Et dans la danse ? Contrairement à la musique, ces quatre parties semblaient être dansées exactement de la même façon. Les danseurs et danseuses se sont laissé-e-s porter par la chorégraphie plutôt explicite, les gestes d’abandon et la tête baissée suffisent à exprimer le deuil. Mais ils sont restés dans la même tonalité tout du long. Pas de peur et de douleurs aux Enfers, pas de paix intérieure auprès d’Eurydice. Un geste joli, bien dansé, mais se contentant du minimum et relativement déconnecté de ce qui pouvait se raconter sur scène. Un gros manque de chair. Quelques personnalités dénotaient toutefois par leurs intentions, un moment de fulgurance dans le groupe, Aurélien Houette, Letizia Galloni, Christelle Granier, mais vite ravalés dans un ensemble homogène.
Marie-Agnès Gillot était pourtant une Eurydice investie par chaque parcelle de son corps. Même assise sur une chaine, recouverte d’un long voile blanc, elle inspirait la scène, arrivant à y donner une atmosphère particulière. Et si son rôle n’est pas en soi bien long, c’est pourtant lui que l’on retient. Emplie de plénitude dans sa robe chair, débordante d’amour puis de douleur dans sa robe rouge flamboyante, Marie-Agnès Gillot raconte la tragédie d’Eurydice de toute son âme.
À ses côtés, Stéphane Bullion a montré toute la justesse qu’il avait pu acquérir en deux ans, depuis la dernière reprise. Alors qu’il semblait à peine flotter sur scène, le voici au plus juste, le geste complexe. Il trace son chemin initiatique du deuil, passant part toutes les émotions, de la tristesse à la vaillance, de la peur à la résolution. Orphée est toutefois un rôle où il faut savoir tenir sur la durée, emplir la scène seul pendant de longues minutes. Et Stéphane Bullion n’arrive pas encore à capter une si grande attention.
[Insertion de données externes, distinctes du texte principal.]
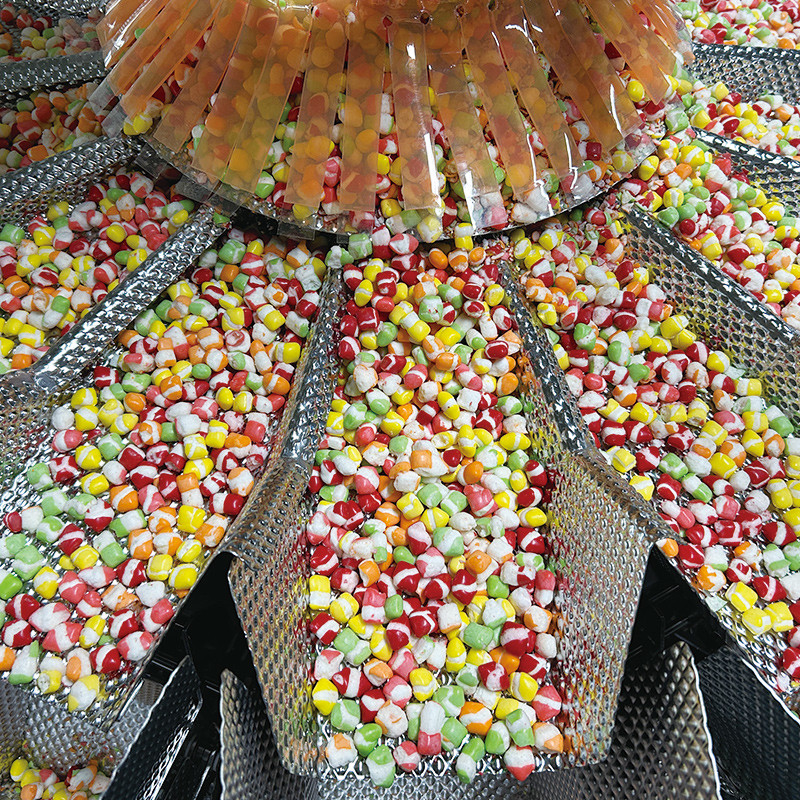 QQ Candy Gummies Cheese Sticky Screw Multihead Weigher Αυτοματοποιημένο ζυγιστήρα μπισκότων συσκευασία μηχανή για τσάντα φερμουάρ stand up pouch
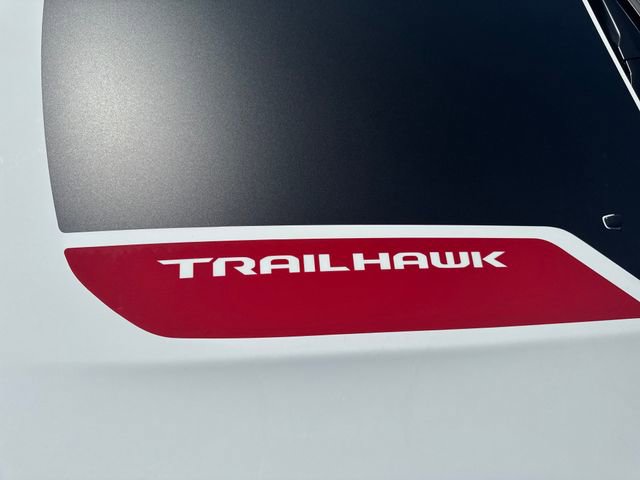 New 2026 Jeep Compass Trailhawk w/ Sun, Sound & Navigation Group image 19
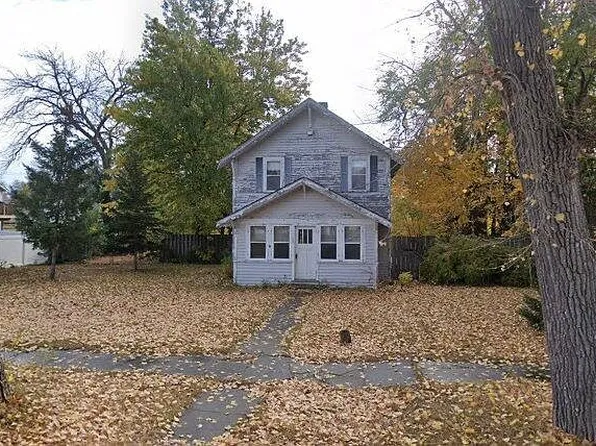 1105 4th St, Britton, SD 57430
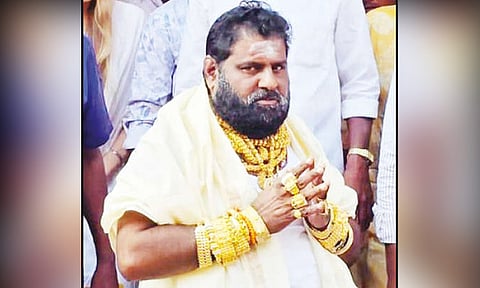 அருணாசலேஸ்வரரை தரிசிக்க 3 கிலோ தங்க நகைகள் அணிந்து வந்த தொழிலதிபர்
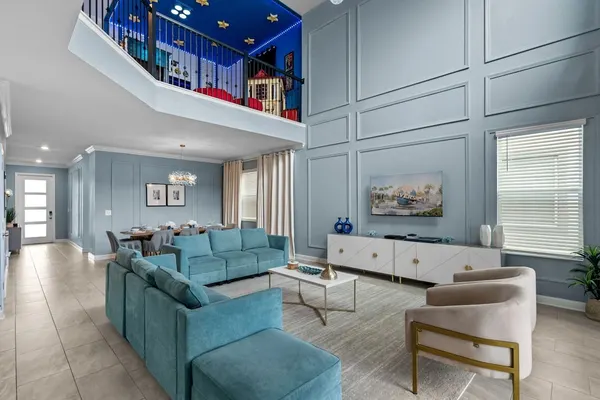 Photo 1 - Luxury 5bed Home With Pool and Game Room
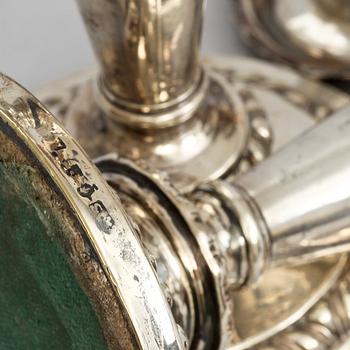 LJUSSTAKAR, ett par, silver. Sheffield 1830/40-tal.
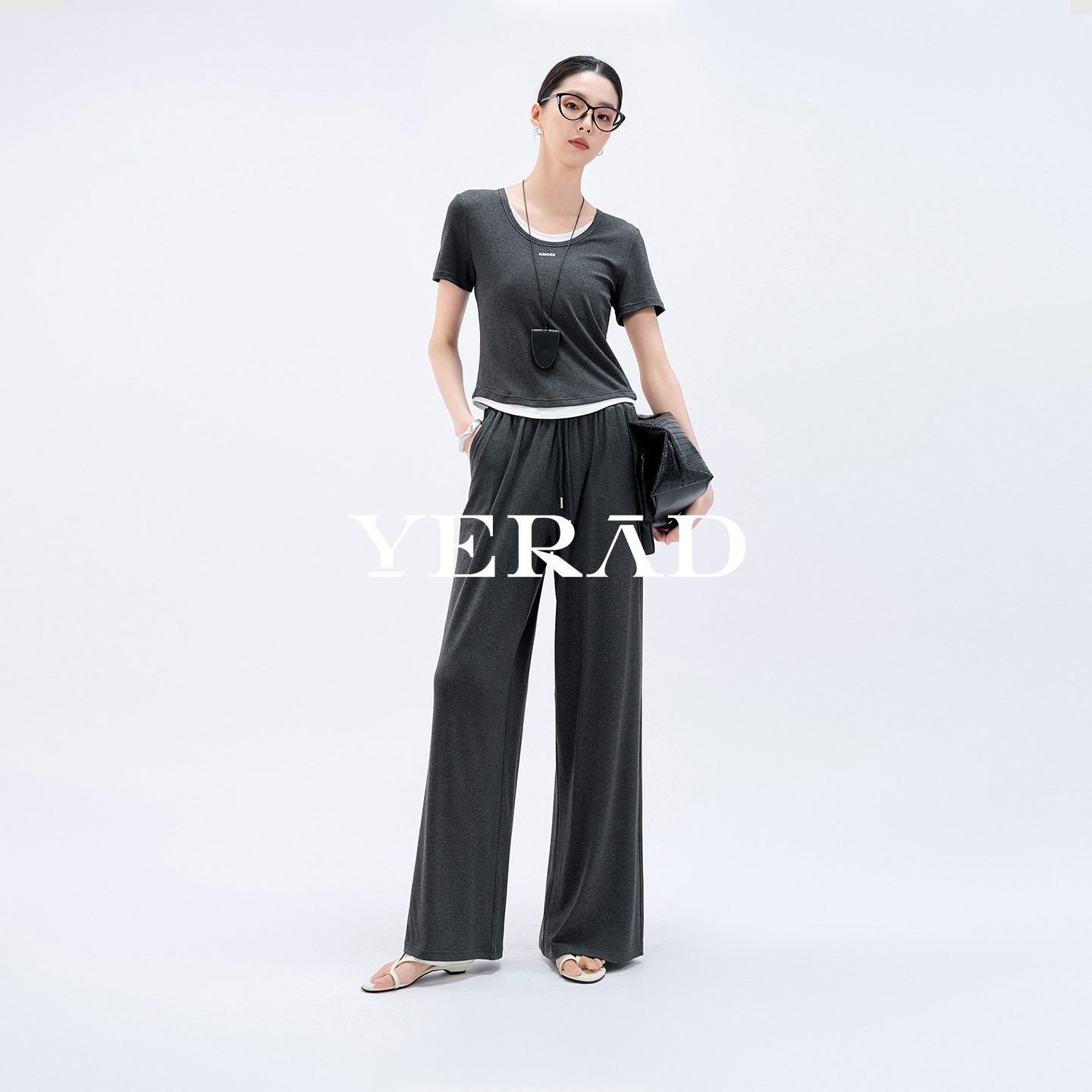 娅丽达直筒休闲裤女2026夏新款宽松垂感拖地运动裤灰色阔腿裤套装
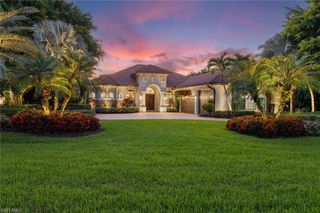 7717 Trent CT, Naples, FL 34113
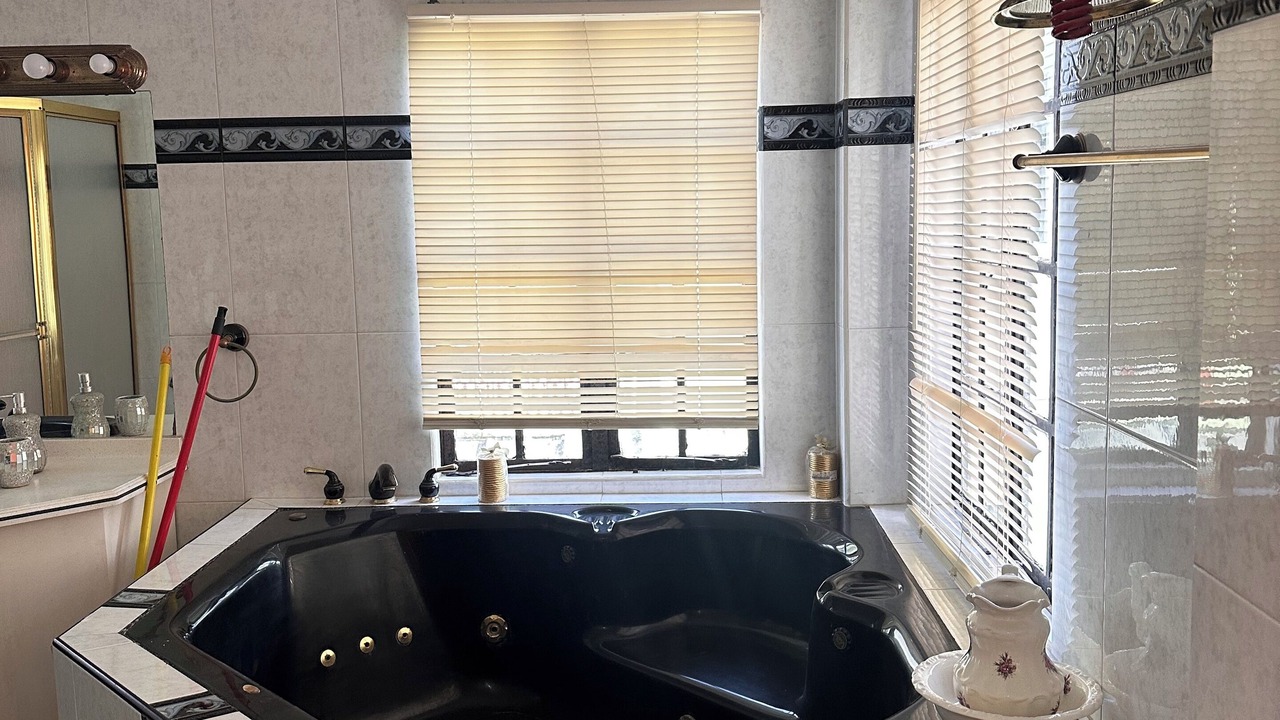 Photo of Bathroom in Arouca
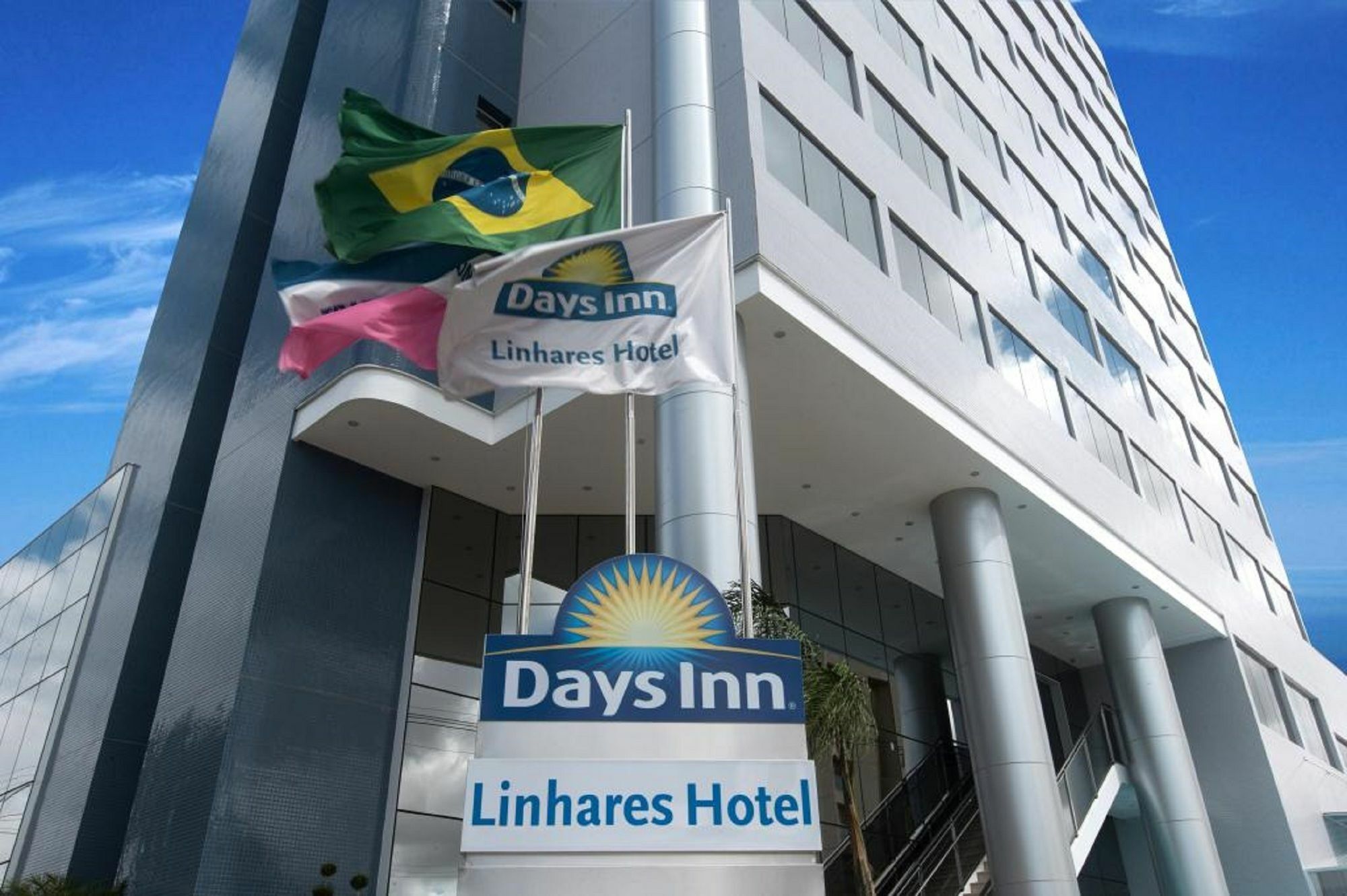 Days Inn By Wyndham Linhares Eksteriør billede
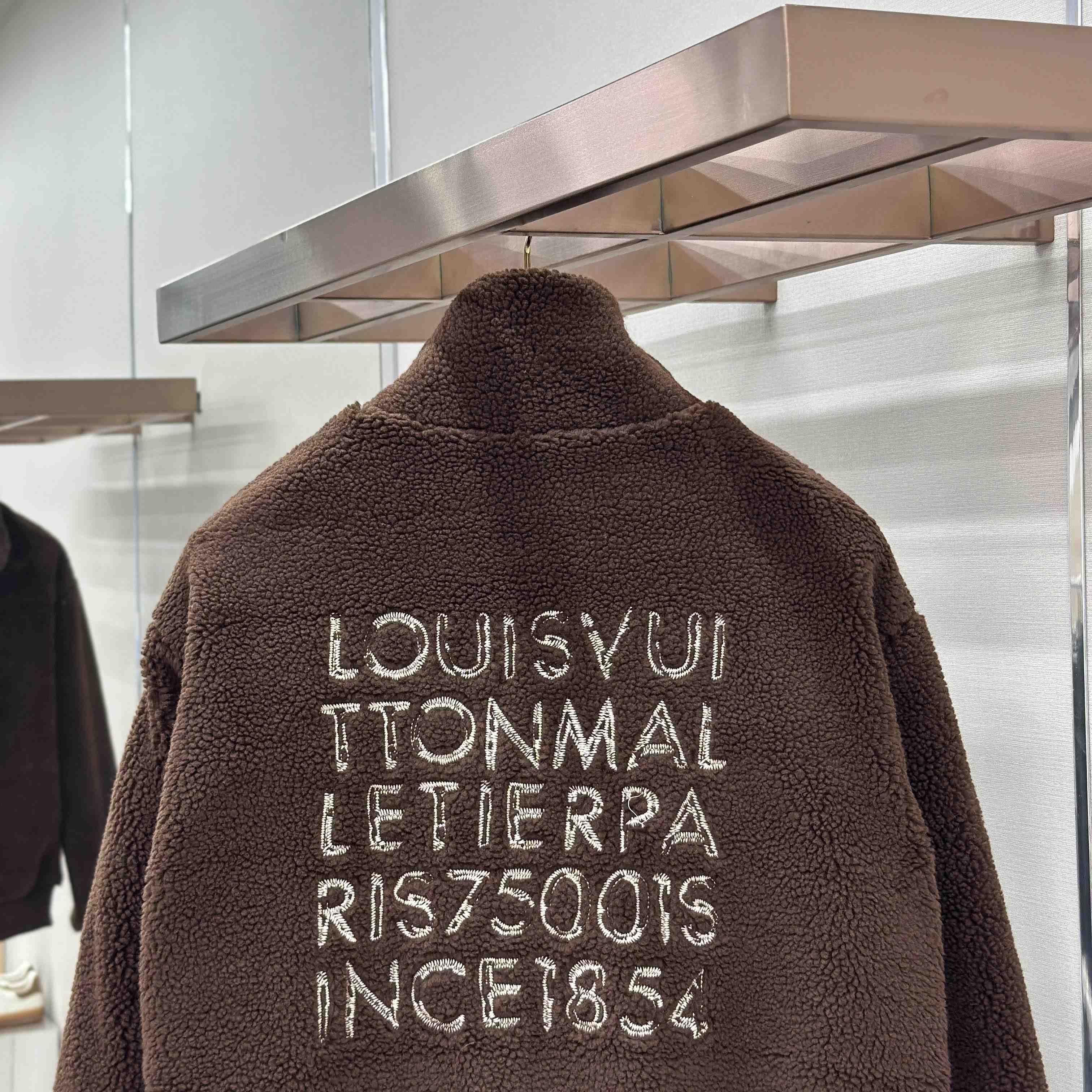 Louis Vuitton Zippered Fleece Blouson    1AJTU2 - DopestKickz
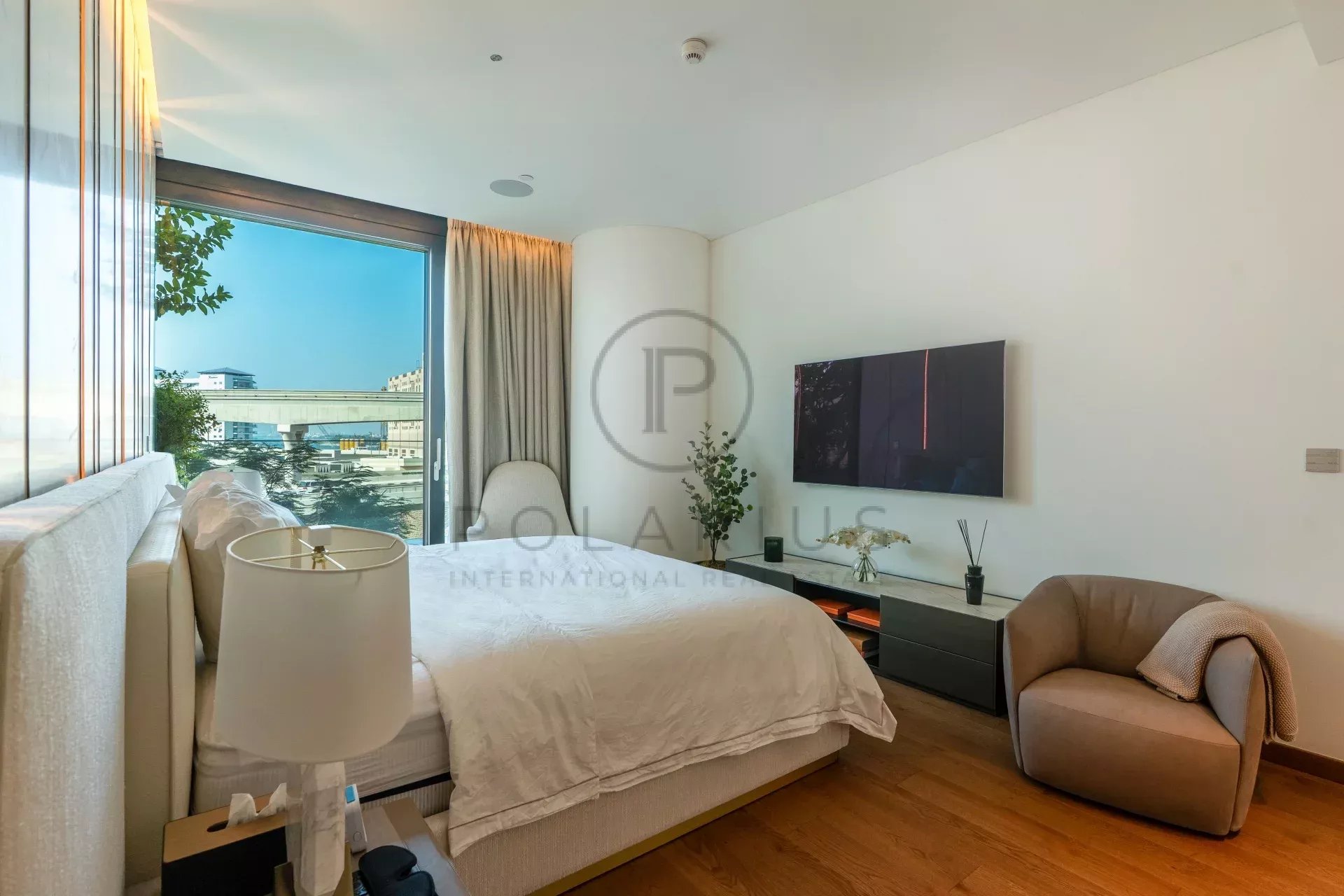 3 Bed, 3 Bath, ApartmentFor Sale, Palm Jumeirah, Dubai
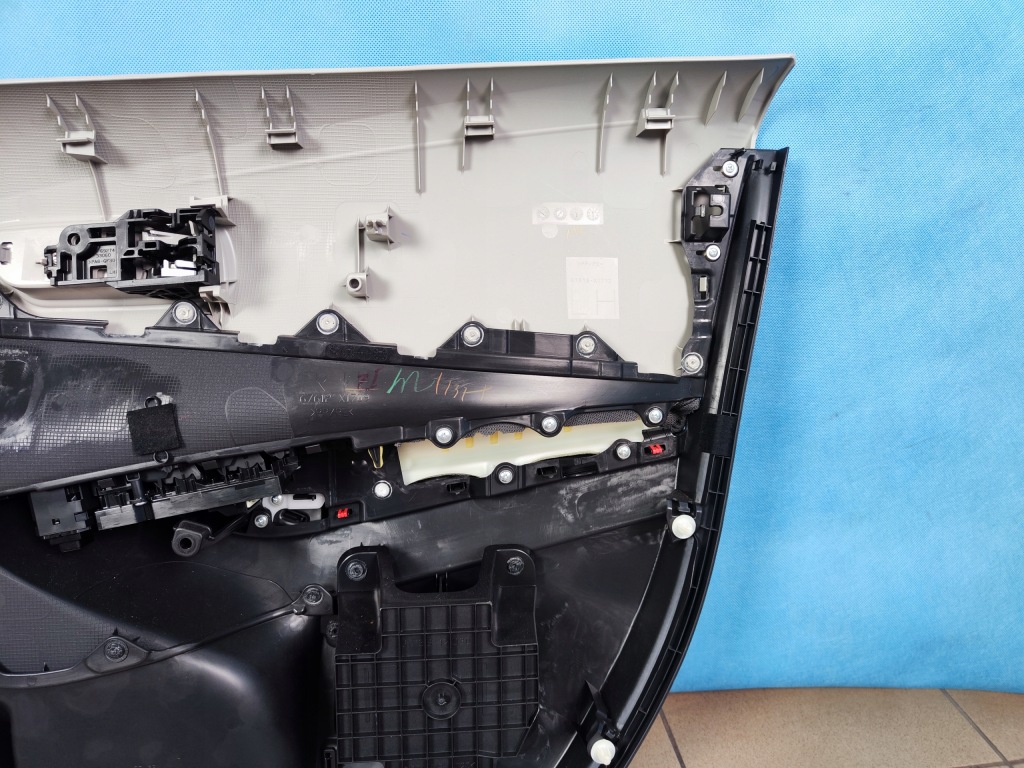 фото №6, Toyota corolla e21 обшивка дверь левый перед 67612-x1709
Reste donc comme un goût d’inachevé de cette Orphée et Eurydice. Comme si, au fil des nombreuses séries (quatre en neuf ans), l’essentiel s’était effiloché, perdu en route, ne restant que les pas. Reprise un peu tristoune, presque muséale, bien loin du coup de poing dans le ventre que peut parfois laisser une oeuvre de Pina Bausch.
Orphée et Eurydice de Pina Bausch, par le Ballet de l’Opéra de Paris, au Palais Garnier. Avec Marie-Agnès Gillot (Eurydice), Stéphane Bullion (Orphée), Muriel Zusperreguy (Amour), Maria Riccarda Wesseling (L’Amour), Yun Jung Choi (La Mort), Jaël Azzareti (La Jeunesse). Jeudi 8 mai 2014.
Lola
Comme vous, j’étais un peu déçue par cette représentation car j’avais un souvenir poignant, aux larmes, de la fois précédente. Dommage ! Cela laissait tout de même de beaux moments de danse et de musique…
Al
Florian Magnenet ne sera bel et bien pas nommé sur ce ballet. Je l’ai vu ce soir, et c’est apparemment sa dernière représentation. J’y ai cru jusqu’à la fin, il le mérite. Son Orphée était juste et touchant..
Pensez-vous que sa chance est passée pour de bon ou aura-t-il d’autres occasions dans les mois qui suivent ?
a.
Je suis d’accord avec vous, F. Magnenet était très émouvant dans ce rôle (franchement, je ne m’y attendais pas), mais de là à le voir étoile… cela me paraît très excessif!
Al
Cela fait bien quelques années qu’il est distribué en tant qu’étoile. Il le mérite plus que d’autres qui viennent d’être nommés il n’y a pas si longtemps à mon goût.